Matt Pusco, a young guitarist, may not know what his future holds, but the seeds have been planted early and repeatedly. Qualifications for STEM courses, positive experience of teaching college teachers, and UNLV research and teaching opportunities have all contributed to the role of Assistant Professor at the College of Engineering.
Now, he says, the work is hitting all the right cords. I’m not happy about helping my students in my current role, but I don’t go home.
What brought you to UNLV?
While I was getting my bachelor’s and master’s degrees in Texas, my whole family moved from the state to Las Vegas. So I went out and applied immediately to UNLV because I knew I wanted to get a doctorate in physics or engineering.
I saw what kind of research was going on in the compound and I was amazed at the future of materials. Things like carbon nanotubes, graphene and other nanostructures – materials that show how amazing and impressive things are for small things like your iPhone. I have seen many studies here in the fields of engineering, physics and chemistry. But I really like renewable energy research in engineering. I joined Jay Moon, a professor of mechanical engineering with her wings, and began working on thermoelectric nano materials.
As a former doctoral student, what kept you here?
As a graduate student, I was asked if I would like to teach Dynamics course. I liked it, the students seemed to like me, and I continued to teach.
When I was working on my doctorate, I felt that the study was not as exciting as I had hoped. But I really enjoyed teaching and working with students. I was then introduced to teaching our introductory engineering experience for elementary school. The seminar is designed to introduce students to the various engineering programs available at the college and includes all resources such as professional ethics, technical communication and new students to the campus. It is designed to help improve student experience, retention and graduation rates.
I realized that I wanted to help the students succeed. At the same time, I applied for a job as the college was increasing the number of professor residences! He is truly perfect.

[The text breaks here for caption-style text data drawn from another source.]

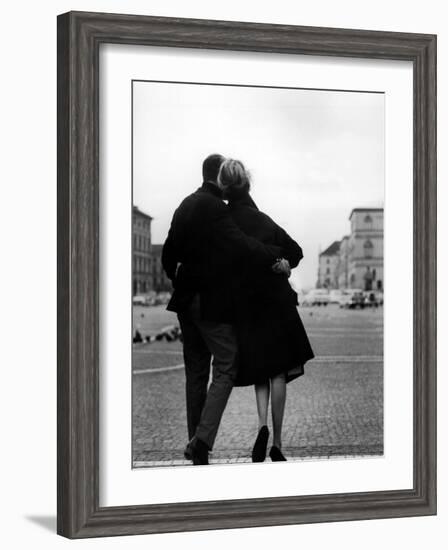 Romantic Couple Walking on the Odeonsplatz-Walter Sanders-Framed Photographic Print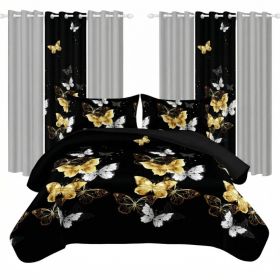 9 Piece Room In A Bag Quilt And Curtain Set, US Designer Black And Gold Butterfly Print Heavyweight Bedspread With 6 Customizable Window Panels, (Option: QUEEN)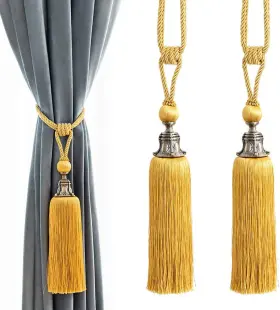 Melodieux 744759716934 Decorative Curtain Tiebacks Antique Tassels Holdbacks - Home Office Wi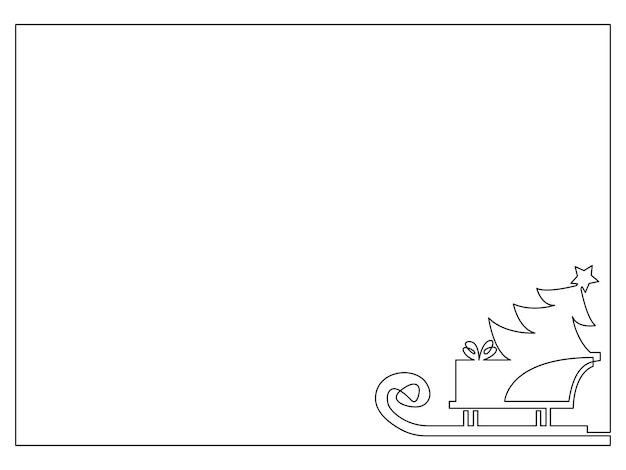 Рамка с санями Санта-Клауса с подарками и елкой, непрерывная линия.
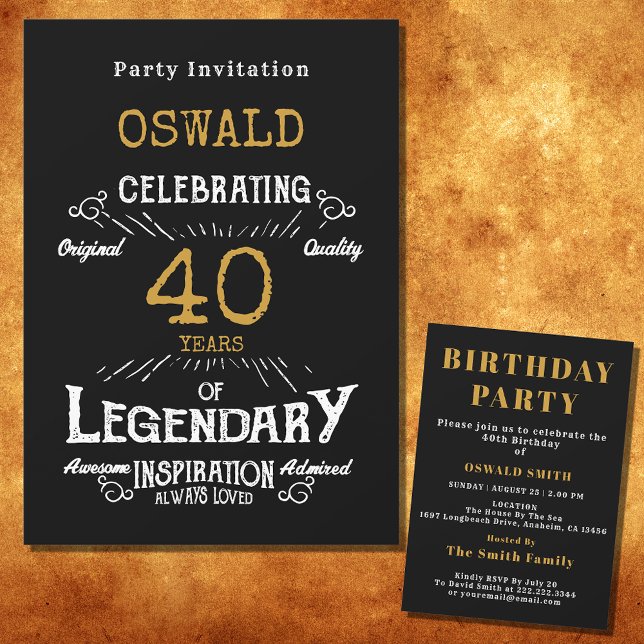 Convite Dourada Nascer Legendário Retro aniversário de 40  (For those celebrating their 40th birthday we have the ideal birthday party invitation)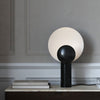 Caché Table Lamp with Marble Base & Black Shades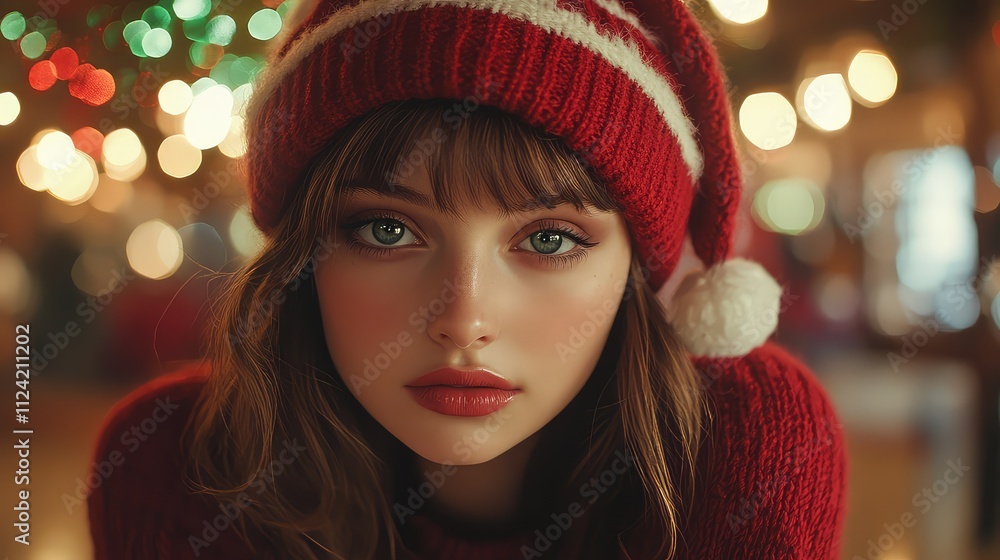 Festive Winter Portrait: Woman in Red Knit Hat Holding Christmas Ornament Against Teal Background Festive Winter Portrait: Woman in Red Knit Hat Holding Christmas Ornament Against Teal Background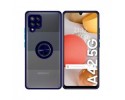 Funda Mate con Borde Azul y Anillo Giratorio 360 para Samsung Galaxy A42 5G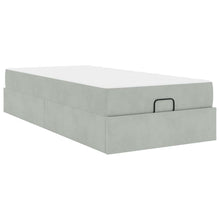 Bedframe met opslag Lichtgrijs 90 x 190 cm Fluweel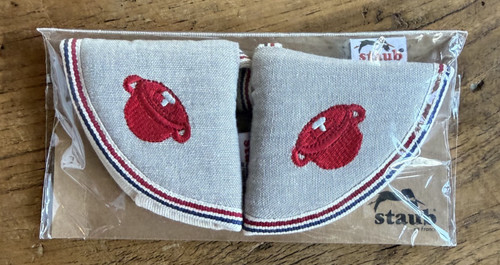 Staub oven mittens red knob - staub,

You have a bachelor’s and master’s degree in physics. Tell us about it.
I studied physics at Stephen F. Austin State University in Texas. Also known as the College of Teaching – they teach teachers how to teach.
I did not know what to do when I went to school, and I actually came in as an accountant. But I gave up finance and when I looked at the list of interesting topics, it was probably physics that I could not teach myself. That caught my attention. So I took physics and I really liked it. I was fortunate to have wonderful teachers. I have truly admired their ability to teach and I have been very grateful for the methods I have used.
You are currently teaching physics at the College of Engineering. How did this happen?
Yes I am, and it is an honor. The college is focusing on student achievement. Professors like myself are literally here to ensure that our students excel in engineering courses, improve their retention and graduation levels, and stay in the engineering fields. Often, the limitation is that physics and calculus tend to push students backwards. Everything we do in engineering is applied mathematics. But the students did not know how to apply what they had learned in physics classes.
So the Deans of Engineering and Science decided to work together and teach Engineering Professor 180 – Physics to scientists and engineers – to teach our engineering students. I started teaching during the epidemic about a year ago. I was 100 percent scared to go online. I had 125 students, all from a distance, but I got good reviews. We will give them strong examples of what the concepts mean, and this shows that work problems are important to him in terms of what is used in engineering.
Next semester I will be teaching Physics 181, pursuing my students over 180, which we hope will result in greater student success.
Finally, I will teach the calculus series. I like to turn students into problem solvers.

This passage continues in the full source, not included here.